Experience 1: The classroom instinct
One of the most common themes in educator accounts is how quickly people default to childhood hiding habits. In a stressful moment, students may dive under desks because that is what they have practiced for storms or because it simply feels instinctive. Teachers who have reflected on drills often say the same thing afterward: unless that location also gets students out of view and behind a secured barrier, it may create a false sense of safety. What changed outcomes in many stories was not a dramatic action scene. It was a teacher moving students fast to a lockable side room, shutting off lights, silencing phones, and using furniture to reinforce the door.
Experience 2: The missed seconds
Another repeated lesson is how much time gets lost to hesitation. Survivors often describe spending the first few moments trying to interpret what they heard. Was it construction? A dropped object? A prank? Those few seconds matter. People who moved quickly when they recognized danger often got farther away, found a better exit, or reached a more secure hiding place. The takeaway is not that everyone should panic at every loud sound. It is that when multiple cues point to real danger, speed matters more than social awkwardness. Nobody gets a trophy for being the calmest incorrect person in the hallway.
Experience 3: The quiet heroism of simple skills
After violent emergencies, the stories that stay with people are not always about confrontation. They are often about ordinary bystanders doing practical things well. A staff member who locked a door. A receptionist who guided people out a side exit. A coach who kept students low and quiet behind a barrier. A teenager who applied pressure to severe bleeding until paramedics arrived. These are not movie moments. They are disciplined, messy, deeply human moments. And they underscore an important point: survival is often built from simple actions done immediately, not from flashy acts of bravery.
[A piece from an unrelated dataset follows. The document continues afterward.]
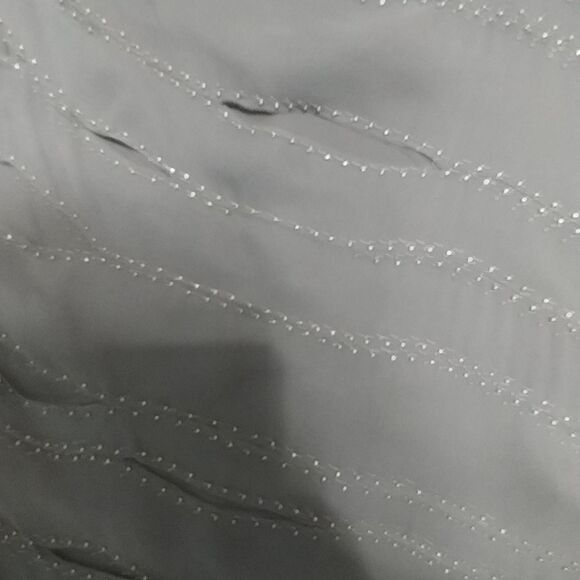 Robert Rodriguez Dress - Picture 3 of 3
Experience 4: The aftermath nobody sees on the news
In many post-incident accounts, the longest chapter begins after the headlines fade. Teachers describe returning to classrooms that feel emotionally unfamiliar. Students report being startled by bells, slammed doors, or crowded hallways. Parents become hypervigilant. Some people want to talk constantly; others avoid the topic for weeks. That range of reactions is common. Recovery is rarely linear. The people who tend to do better over time are often those who lean into support earlyfamily, peers, school counselors, clinicians, faith communities, routines, sleep, food, movement, and patience. In other words, surviving the moment matters, but so does surviving the month after it.
Put all those experiences together, and the teacher’s warning makes perfect sense. “Don’t get under the table” is not just a criticism of one hiding spot. It is a plea to think more effectively under pressure. Move if you can. Hide intelligently if you cannot. Fight only when forced. Help the injured when the scene allows it. And afterward, treat emotional recovery as real recoverynot as a side note.